The Orange County Board of Supervisors had declared a local emergency at 4:00 p.m. on October 27; the local state of emergency was renewed several times at two-week intervals as the deleterious effects of the Laguna Fire (and others in the county) persisted. California governor Pete Wilson declared a state of emergency in Orange County (among others) the following day, and at Wilson's request President Bill Clinton also issued a Declaration of Major Disaster for California. This allowed the Federal Emergency Management Agency to offer aid in the affected counties, including Orange.

=== County and municipal improvements ===
According to the Laguna Beach County Water District, approximately 16000000 U.S.gal of water was required to help combat the fire, with a peak demand of roughly 20000 U.S.gal per minute. Six of 22 reservoirs in the district were completely drained by firefighting operations. Following the fire, the district built an additional two reservoirs and purchased backup generators and pumps.
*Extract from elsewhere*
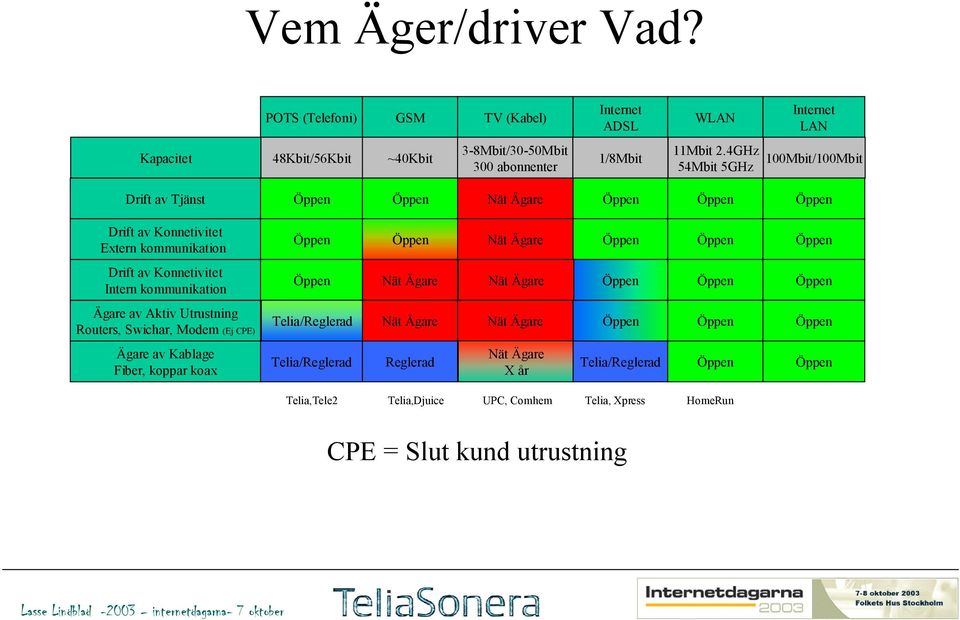 4GHz 54Mbit 5GHz 00Mbit/00Mbit Drift av Tjänst Drift av Konnetivitet Extern kommunikation Drift av Konnetivitet Intern kommunikation Ägare av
A Los Angeles Times investigation after the fire found that water capacity had generally not been a limiting factor during the fire; instead, it had been the distribution system. In the Skyline and Mystic Hills neighborhoods, pumps were able to deliver 4400 U.S.gal per minute to reservoirs there, but firefighters there could use 90000 U.S.gal per minute. In other areas, as homes burned, the pipes inside them broke and added to water pressure issues.

The city of Laguna Beach and Orange County authorities made efforts to improve their fire prevention and response abilities after the 1993 fire. In addition to building two new reservoirs, the city strengthened building codes by requiring that new homes not have wood shingle roofs, that they have covered eaves, and include automatic sprinkler systems. The fire department received new specialized fire equipment, including engines and hoses. Laguna Beach also expanded an existing vegetation management program, using 600 goats year-round. The Orange County Fire Authority began operating two water-dropping helicopters, hired a forecaster for fire weather, and constructed two remote weather stations.